(Short web captions)
*** Block opens ***

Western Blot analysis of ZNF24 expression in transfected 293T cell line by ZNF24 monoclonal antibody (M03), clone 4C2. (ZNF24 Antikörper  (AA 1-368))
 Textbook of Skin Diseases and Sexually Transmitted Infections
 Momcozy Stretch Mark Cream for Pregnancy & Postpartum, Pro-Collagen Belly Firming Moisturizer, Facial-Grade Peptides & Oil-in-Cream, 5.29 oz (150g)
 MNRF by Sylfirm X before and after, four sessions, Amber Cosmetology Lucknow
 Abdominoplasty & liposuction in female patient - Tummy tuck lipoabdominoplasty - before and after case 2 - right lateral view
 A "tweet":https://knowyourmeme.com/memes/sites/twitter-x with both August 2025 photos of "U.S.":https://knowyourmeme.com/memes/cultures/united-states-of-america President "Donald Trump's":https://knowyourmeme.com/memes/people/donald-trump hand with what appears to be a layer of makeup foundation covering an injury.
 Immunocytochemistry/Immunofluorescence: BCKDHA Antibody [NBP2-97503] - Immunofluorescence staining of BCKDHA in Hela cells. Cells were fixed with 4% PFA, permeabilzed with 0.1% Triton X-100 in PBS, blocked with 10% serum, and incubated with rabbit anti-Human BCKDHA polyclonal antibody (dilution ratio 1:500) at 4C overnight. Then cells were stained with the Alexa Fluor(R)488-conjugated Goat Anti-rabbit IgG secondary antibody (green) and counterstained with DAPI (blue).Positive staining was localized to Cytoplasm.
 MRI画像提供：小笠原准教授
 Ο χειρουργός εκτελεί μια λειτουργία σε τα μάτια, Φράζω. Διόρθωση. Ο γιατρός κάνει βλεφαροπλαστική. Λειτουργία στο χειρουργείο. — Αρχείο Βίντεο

*** Block closes ***

**What the exercise asks**. Nothing but the lines from the one that contains "MRI画像提供：小笠原准教授" through the last line of the entries should appear in your reply, each repeated exactly.

**Exercise result**.
 MRI画像提供：小笠原准教授
 Ο χειρουργός εκτελεί μια λειτουργία σε τα μάτια, Φράζω. Διόρθωση. Ο γιατρός κάνει βλεφαροπλαστική. Λειτουργία στο χειρουργείο. — Αρχείο Βίντεο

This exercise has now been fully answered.